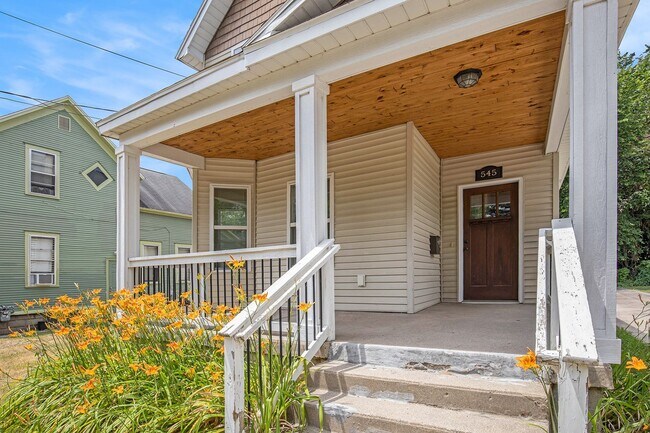 Foto del edificio - 4 Bedroom, 2 Bath Home near Uptown GR! Ava...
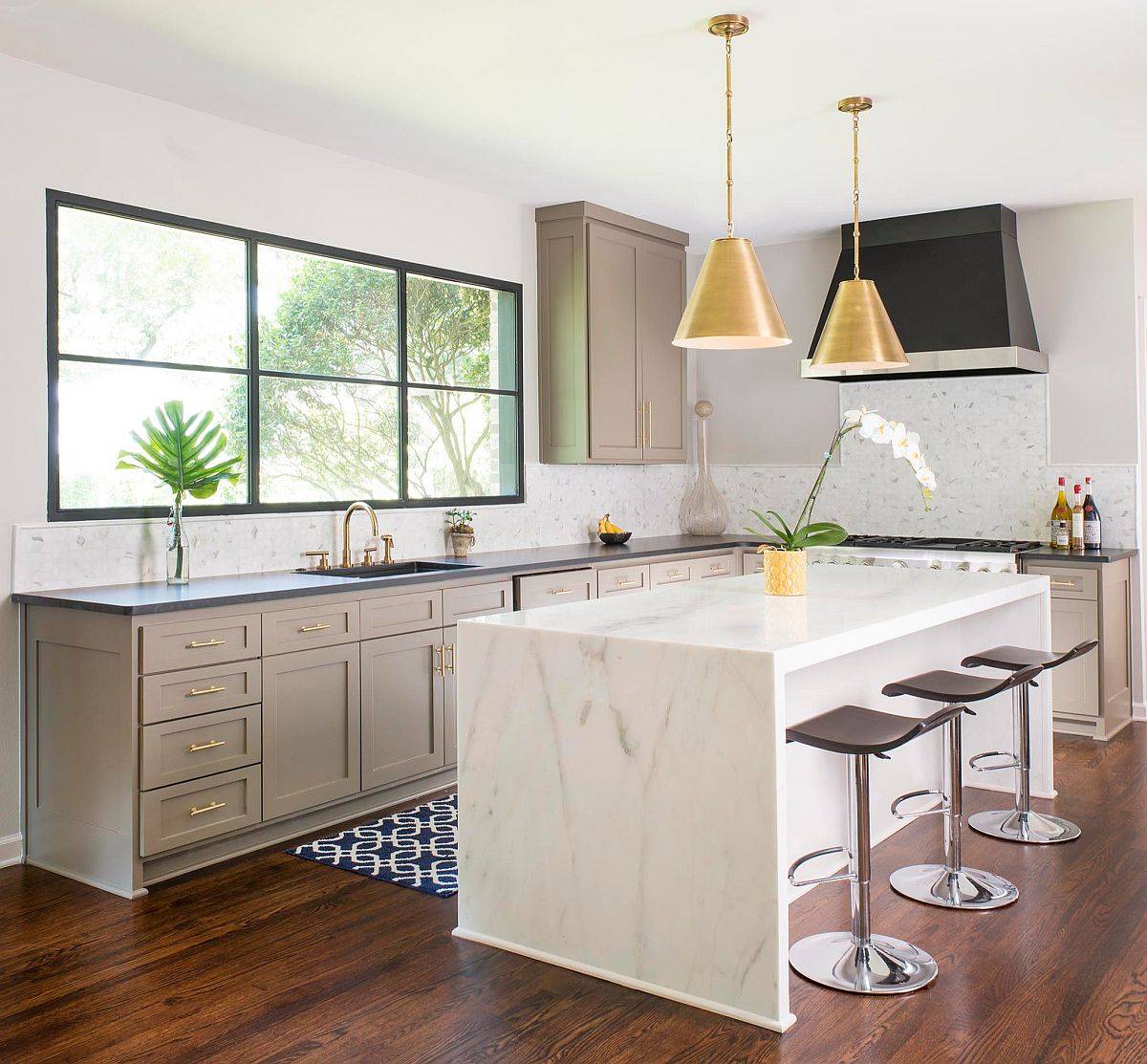 Dazzling pendants add golden metallic glint to this kitchen in neutral hues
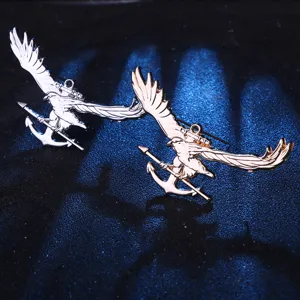 Vista detallada de broches de metal con águila y ancla, accesorios de moda plateados y dorados.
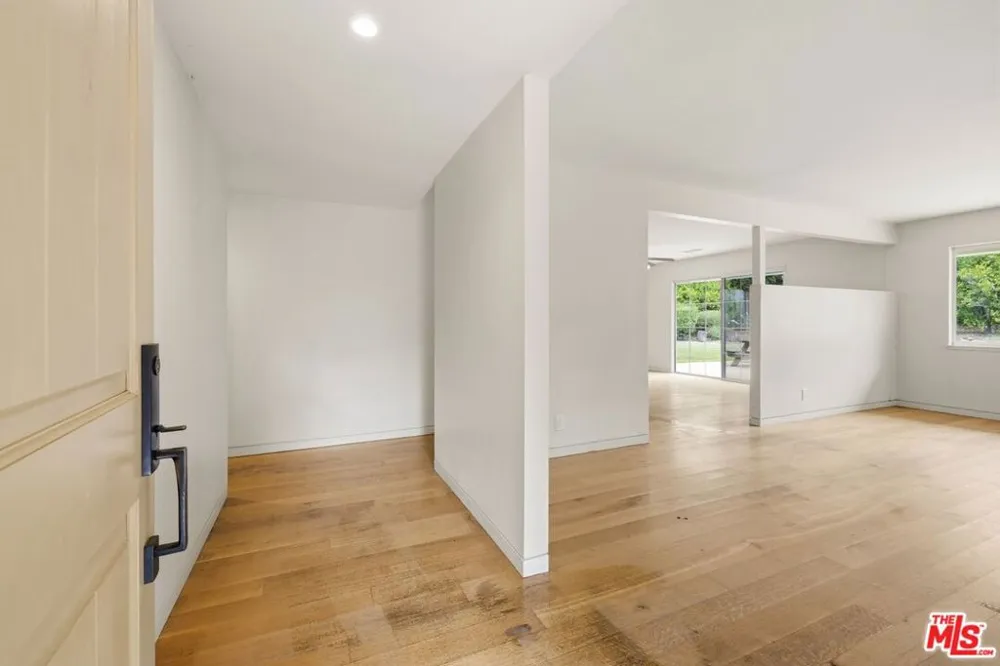 436 Via Roma Santa Barbara, CA 93110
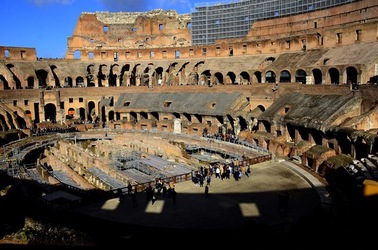 COLOSSEO Roma. Fotografie di Giulio Azzarello ©2020. COLOSSEO Roma. Fotografie di Giulio Azzarello ©2020.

- _WHAT THE EXERCISE ASKS_
Skip the pictures and copy exactly the lines from the one containing "Dazzling pendants add" through the end of the material, both ends included.

- _SOLUTION FOR THIS EXERCISE_
 Dazzling pendants add golden metallic glint to this kitchen in neutral hues
 Vista detallada de broches de metal con águila y ancla, accesorios de moda plateados y dorados.
 436 Via Roma Santa Barbara, CA 93110
 COLOSSEO Roma. Fotografie di Giulio Azzarello ©2020. COLOSSEO Roma. Fotografie di Giulio Azzarello ©2020.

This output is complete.